Эйзенхардт нацарапал в своём блокноте «Барнфорд», подчеркнул тремя чертами и пририсовал рядом жирный вопросительный знак.
– Это всё?
Журналист тихо засмеялся:
– Лучшее я припас на десерт.
– А я думал, журналисты самое лучшее выкладывают вначале.
– Только в газетных статьях. Известно ли вам, что Уилфорд-Смит первоначально был профессиональным солдатом?
Эйзенхардт подумал, что ослышался.
– Солдатом?
– Он служил во время войны в Северной Африке под командованием Монтгомери, а потом был приписан к британской зоне ответственности «Палестина-Ближний Восток». Он был в составе британской группы войск, которая покинула Палестину в мае 1948 года при основании государства Израиль.
– Невероятно.
Эйзенхардт попытался представить себе в неторопливом, сутулом учёном храброго воина пустынь и патрулирующего солдата.
– М-да, и он, судя по всему, сохраняет непреходящую тягу к нашей стране. Он тогда вернулся в Англию, вышел в отставку, женился, получил место руководящего служащего на одной суконной фабрике и вёл спокойную, размеренную жизнь. До 1969 года. Тогда, уже в возрасте сорока двух лет, он неожиданно оставил свою высокооплачиваемую работу, дающую право на хорошую пенсию, и начал изучать исторические науки, специализируясь на библейской археологии, а в 1974 году впервые накинулся на израильскую землю.
– Просто так, ни с того ни с сего?
– Не могу знать, что послужило толчком. Я могу только предположить, что он тогда получил кое-какое наследство и у него отпала нужда работать.
И тогда, значит, ему не пришло в голову ничего лучшего, как годами ковыряться в пустынном, убийственно жарком мёртвом ландшафте? Эйзенхардт покачал головой.
– В 1980 году, – продолжал Ури Либерман, – вышеназванный Барнфордский университет присвоил ему звание профессора, но одновременно с этим освободил его от преподавательской деятельности, и с тех пор он почти безвылазно в Израиле. Но чтобы ответить на ваш главный вопрос одной фразой: Уилфорд-Смит за все эти годы не открыл ничего, что имело бы хоть мало-мальское значение в науке. Он даже не введён в справочник «Кто есть кто в археологии». И если он хочет быть упомянутым хотя бы одной строкой в анналах науки, ему надо поторопиться.
16
Не запланированные изначально сонартомографические исследования имели далеко идущие последствия для дальнейших раскопочных работ (см. приложение II Заключительных выводов). Из полученных снимков ареалы 3 и 19 оказались не такими перспективными, как мы считали на основании анализа спутниковых фотографий, тогда как в трапециевидной области между ареалами 4, 5 и 6 выявились структуры, природа которых неясна и должна была бы подлежать обследованию посредством раскопок.

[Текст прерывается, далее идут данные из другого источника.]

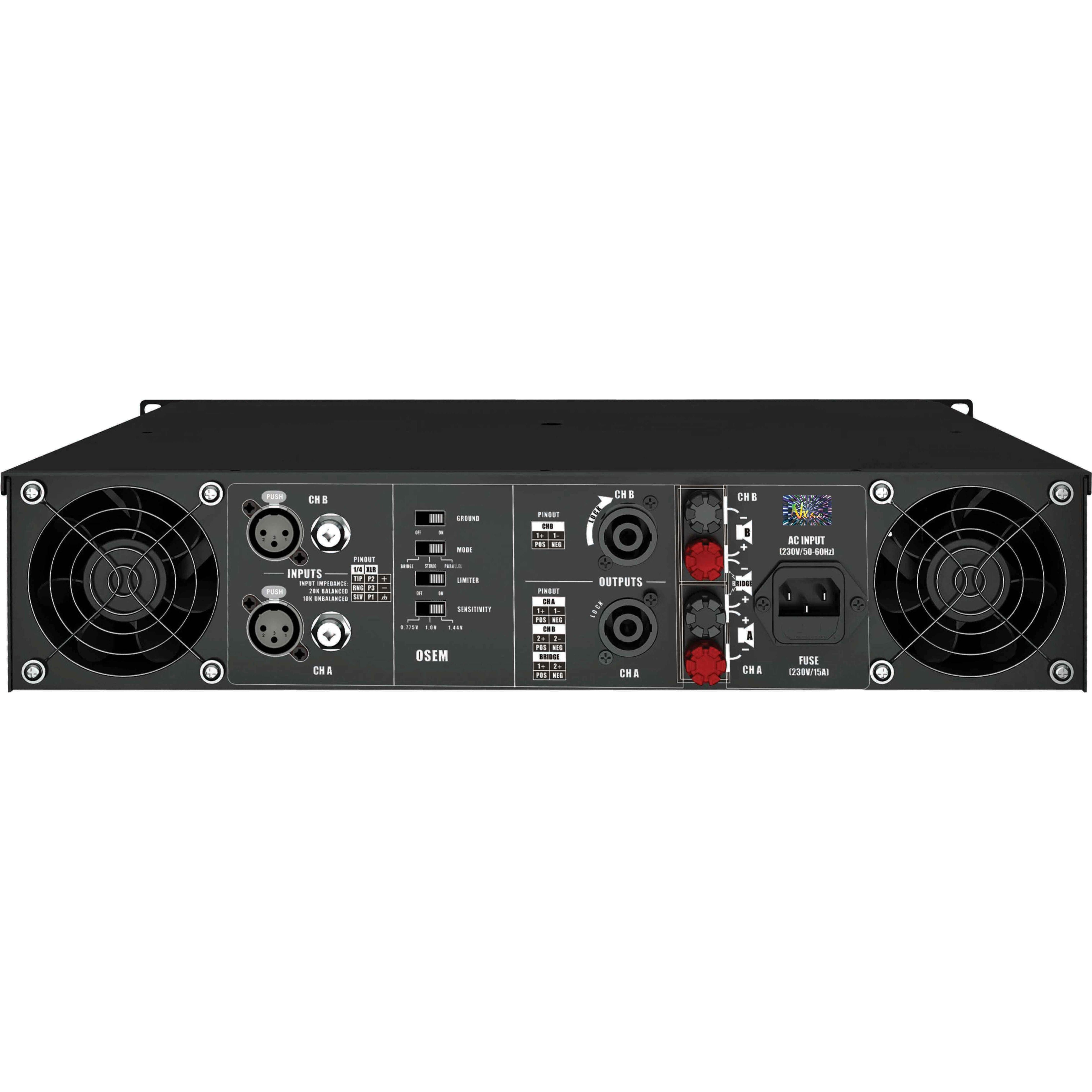 NX AUDIO EX 2000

К моменту написания данного сообщения ещё не определилось, будут ли вновь предприняты работы при Бет-Хамеше и если будут, то когда.
Профессор Уилфорд-Смит. «Сообщение о раскопках при Бет-Хамеше».

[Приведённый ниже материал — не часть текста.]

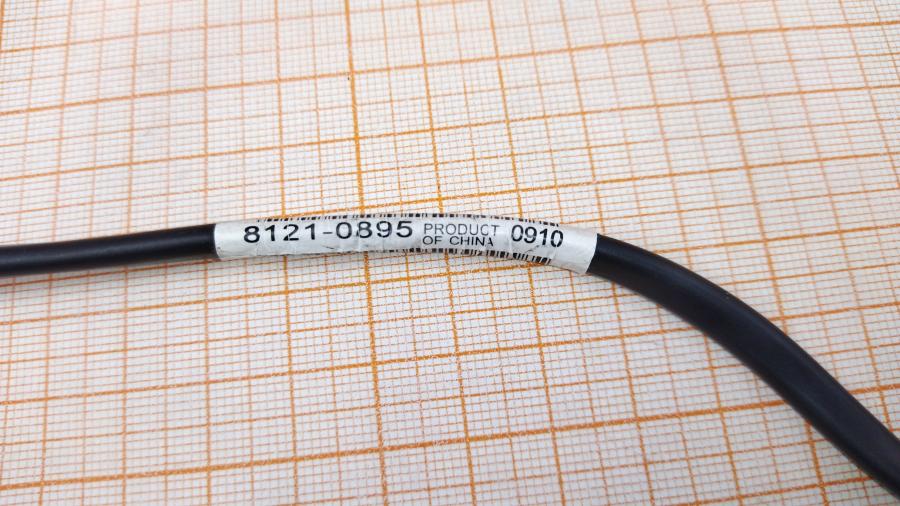 088-929-003 Кабель питания CEE 7/16 HP 8121-0895 #6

Вначале, когда они подъезжали к нему через иссушенные ночные холмы, это был просто большой город, как любой другой. Показались дома и рекламные щиты, высоковольтные линии и уличные фонари, мимо проносились освещенные фабричные дворы, супермаркеты и рестораны. Тёмные кипарисы жались на свободных участках между домами, и Стивену показалось, что все здания построены из одного материала – желтоватого песчаника – как будто город целиком был когда-то вырублен из цельного куска скалы.